Victor Benitez strides across the sales floor of Gus Machado Ford in Hialeah past a fleet of Shelby GT 500s, muscle cars in hot colors that cost $85,000 to $125,000.
“I call it the million-dollar showroom,” said Benitez, the vice president and general manager of the business that is marking its fourth decade. “But we’ve got a car for everybody.”
Legacy was on Benitez’s mind during the first week in January, when he described becoming the majority partner of the business he has run for 35 years and shared his plans for its future.
The Shelby is named for the late designer and winning race car driver Carroll Shelby, whose story was told in the 2019 movie “Ford v. Ferrari.”
Shelby is a part of the Ford Motor Company’s history of building fast Mustangs and Cobras.
And Benitez is carrying on the legacy of the late Gus Machado, the legendary business builder and supporter of charitable causes who died May 16, 2022 at age 87.
Machado’s family trust has a percentage of the business and Benitez, 68, of Miami Lakes, said he owns the rest.

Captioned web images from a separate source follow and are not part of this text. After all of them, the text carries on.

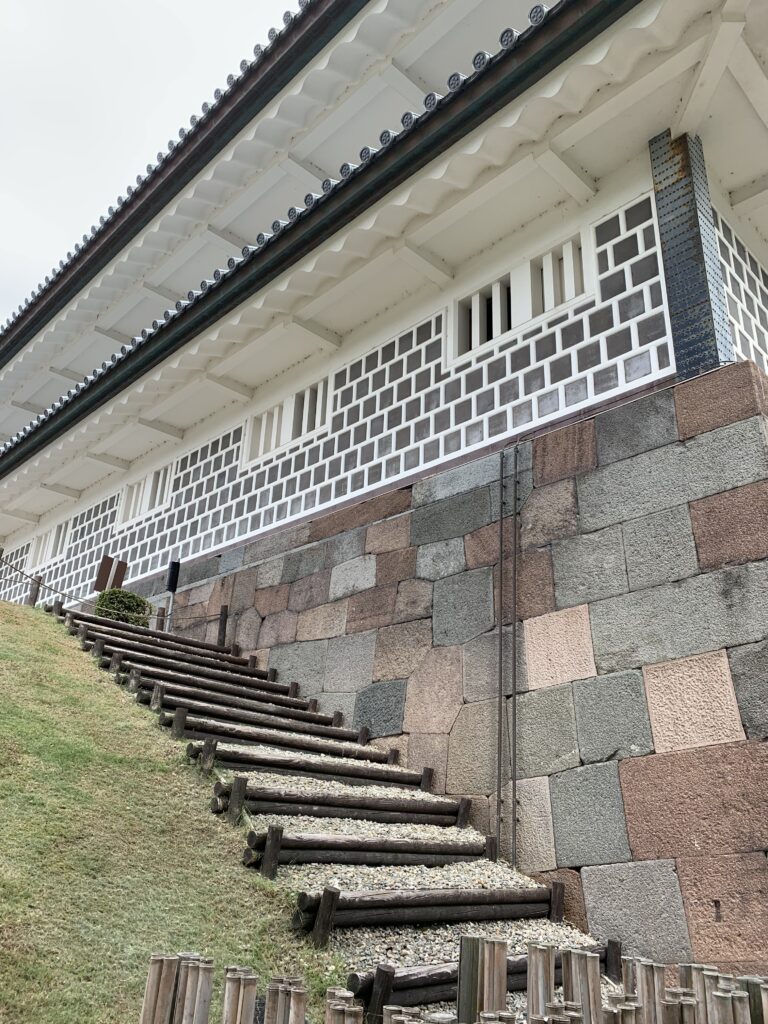 金沢城公園の石垣と白壁の建築。戸室石の色の違いと白い壁、木製の階段が見える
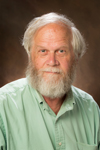 A headshot of Stan Brown crossed by a red background and the words Congratulations Stan Brown over the Miami University Libraries logo. 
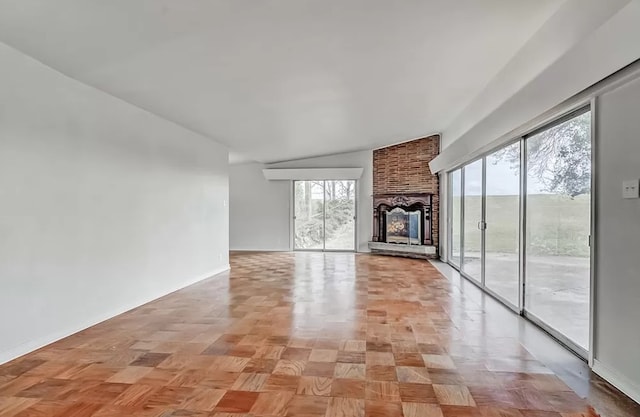 unfurnished living room featuring brick wall, vaulted ceiling, a fireplace, and light parquet floors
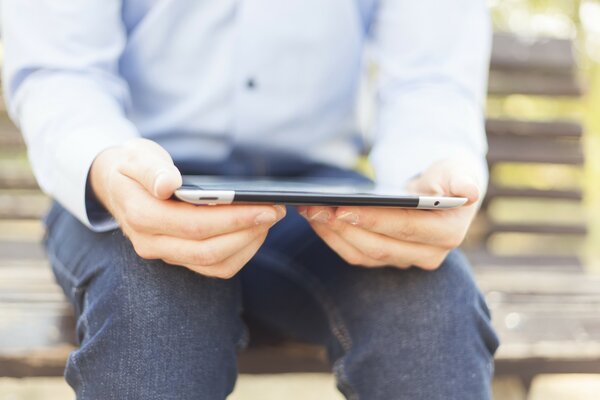 Mężczyzna z tabletem na ławce w parku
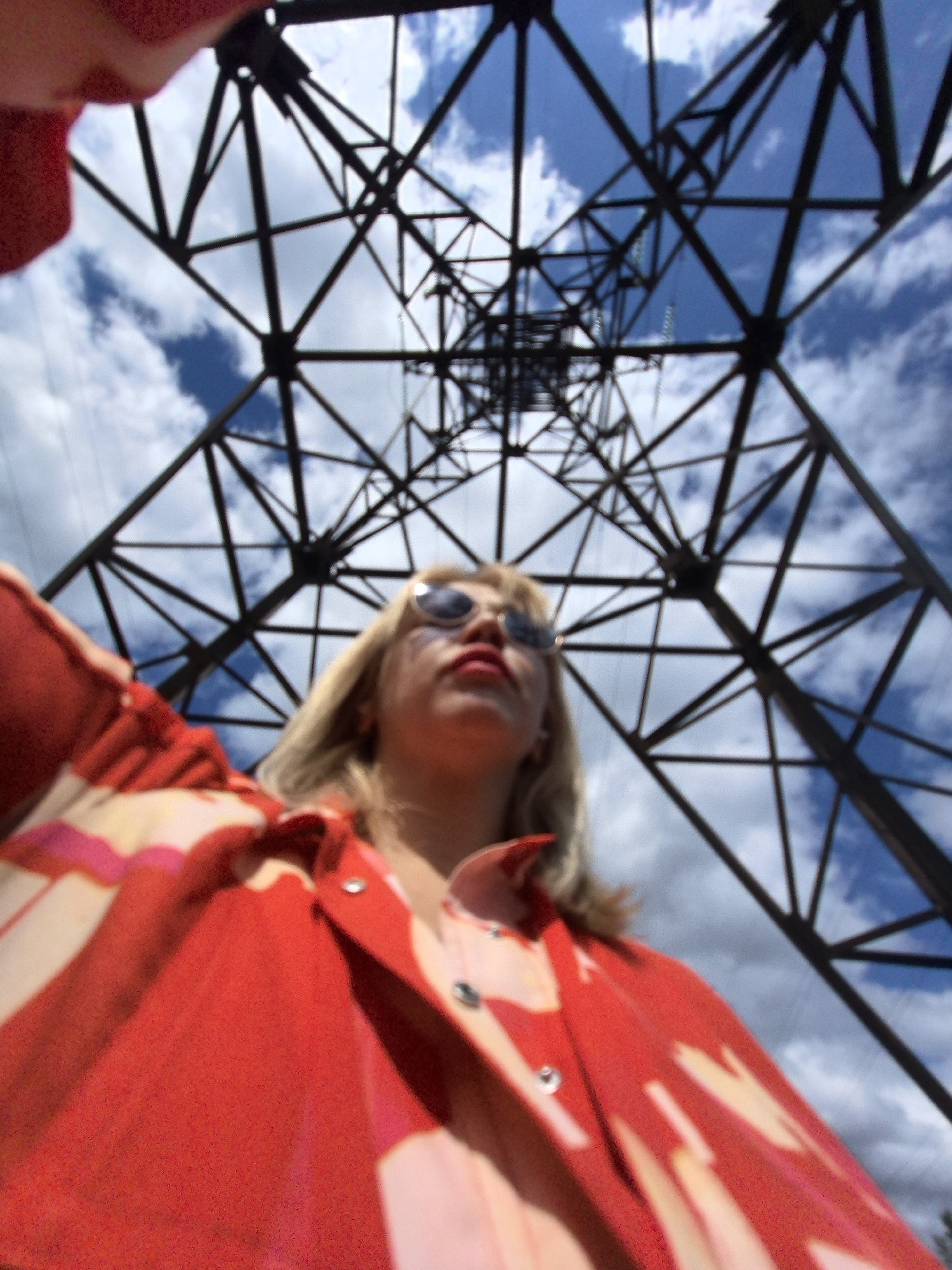 The image shows a person viewed from below, looking up at a large metal tower against a cloudy blue sky. The person is wearing sunglasses and a vibrant red and pink patterned jacket. The camera angle emphasizes the towering structure of the metal framework, which appears to be a power transmission tower. The lighting suggests it is daytime. There are no visible cues in the image to indicate the specific location within Noviy, Russia.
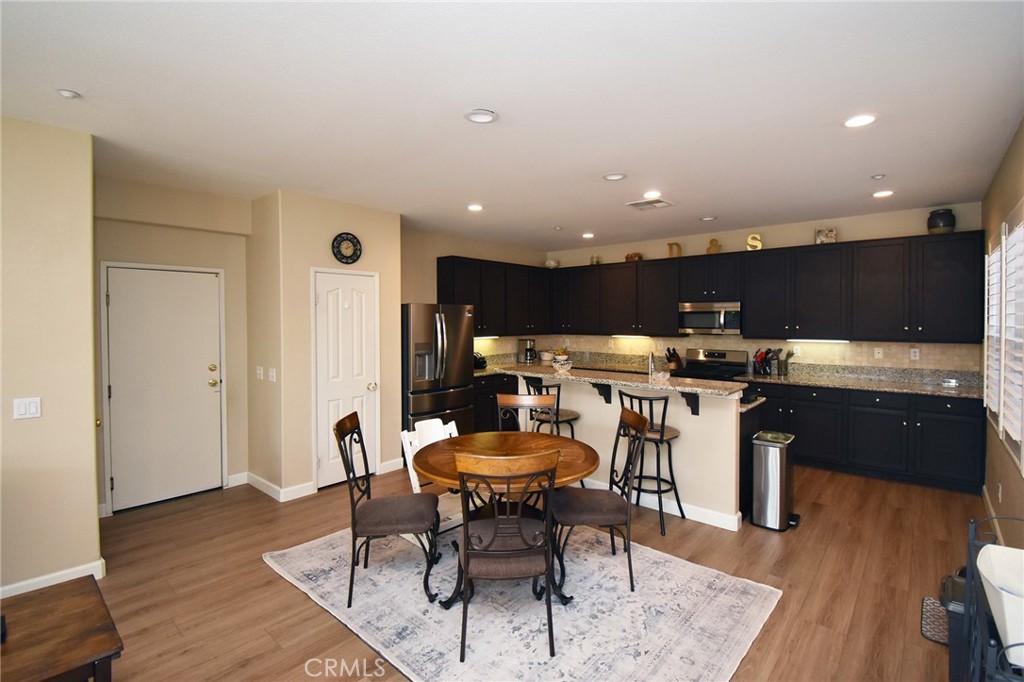 7353 Ellena West, Unit 70 Rancho Cucamonga, CA 91730 - Photo 7 of 40 a kitchen with a table and chairs in it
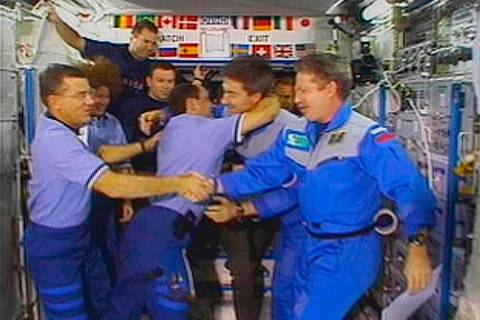 FILE - Astronaut James Voss, far left, shakes hands with astronaut Bill Shepherd, far right, as ...
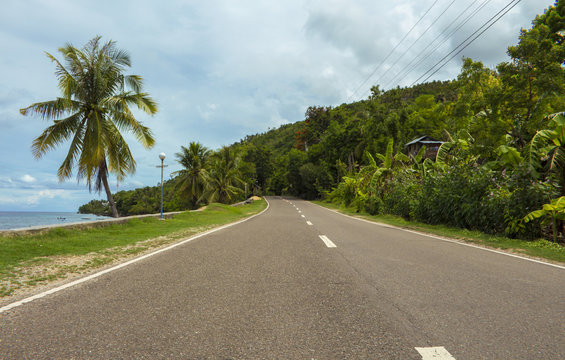 Highway on tropical island. Coastal road in the afternoon. Empty road by the seaside.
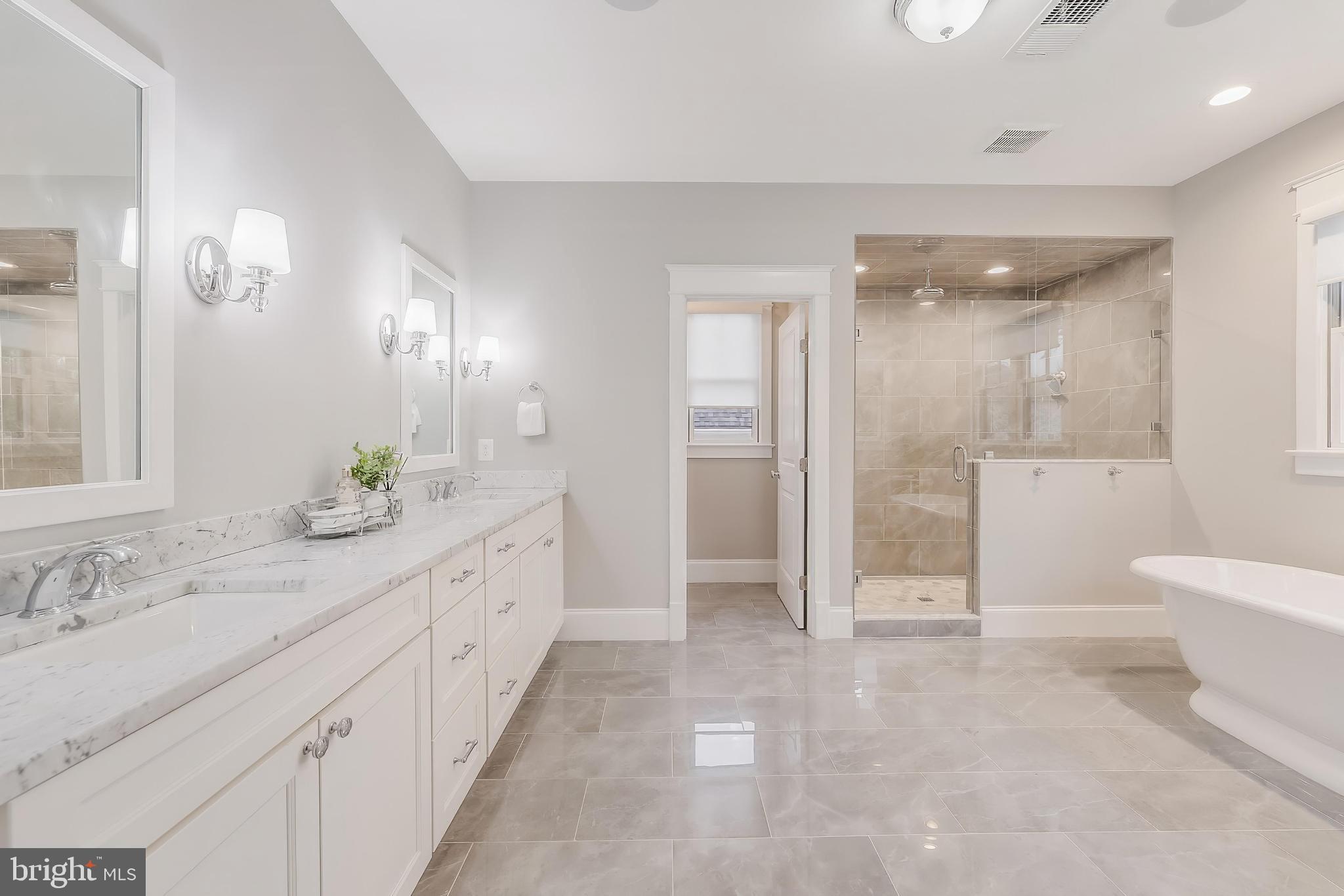 6805 Lumsden Street McLean, VA 22101 - Photo 69 of 123 a spacious bathroom with a double vanity sink toilet and shower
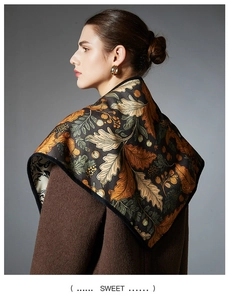 Detail of autumn leaf print scarf paired with a brown wool coat and golden hoop earrings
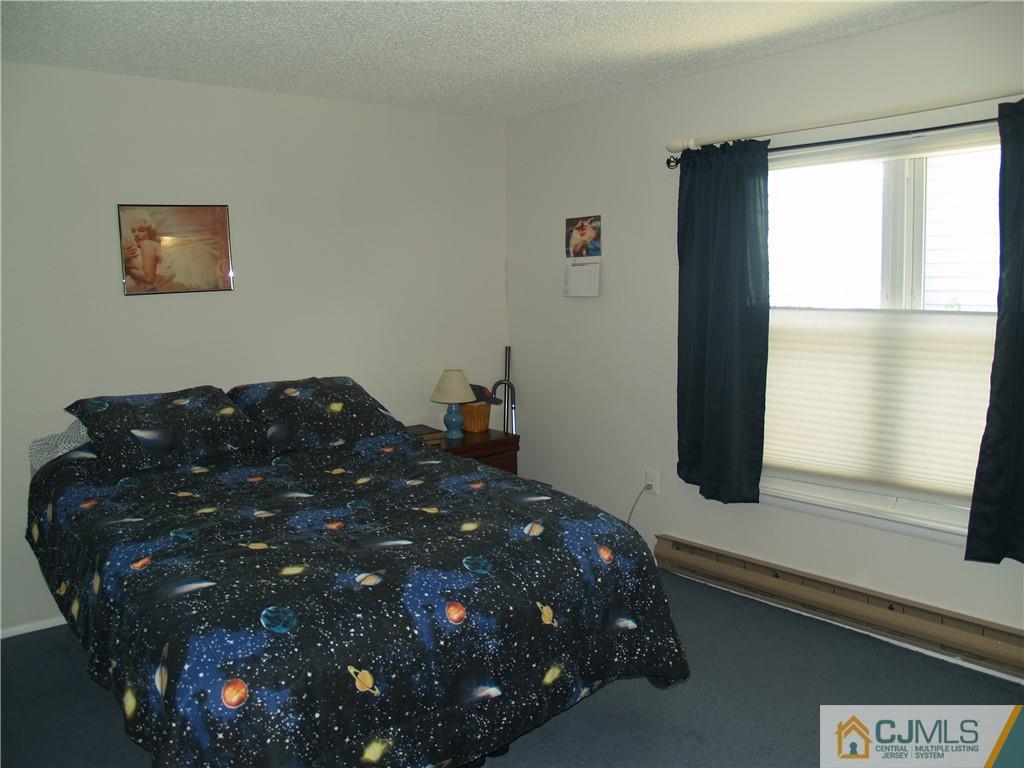 504 A Belford Road, Unit A Monroe Township, NJ 08831 - Photo 28 of 42 a large bed sitting in a bedroom next to a window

Lilliam Machado said Benitez was the logical choice to take over the business from her late husband.
“Victor has been more than a partner in Gus Machado Ford,” she said. “He has been like another son to Gus. It’s been more of a business and family relationship with him. I don’t think Gus had any other thoughts about leaving the business to anybody else but Victor.”
She said some of Machado’s adult children work in the company, too, “with an incredible team supporting Victor in that business. Gus supported him and we support him in every way that we can.
“He is the majority owner of Gus Machado Ford and he is keeping the name, the tradition alive, and it was Gus’s wish to leave the business to Victor,” she said.
Benitez said Machado taught him many things, most importantly “persistency in business. Never give up on anything. It doesn’t matter how bad or good it is, you’ve just got to keep going.”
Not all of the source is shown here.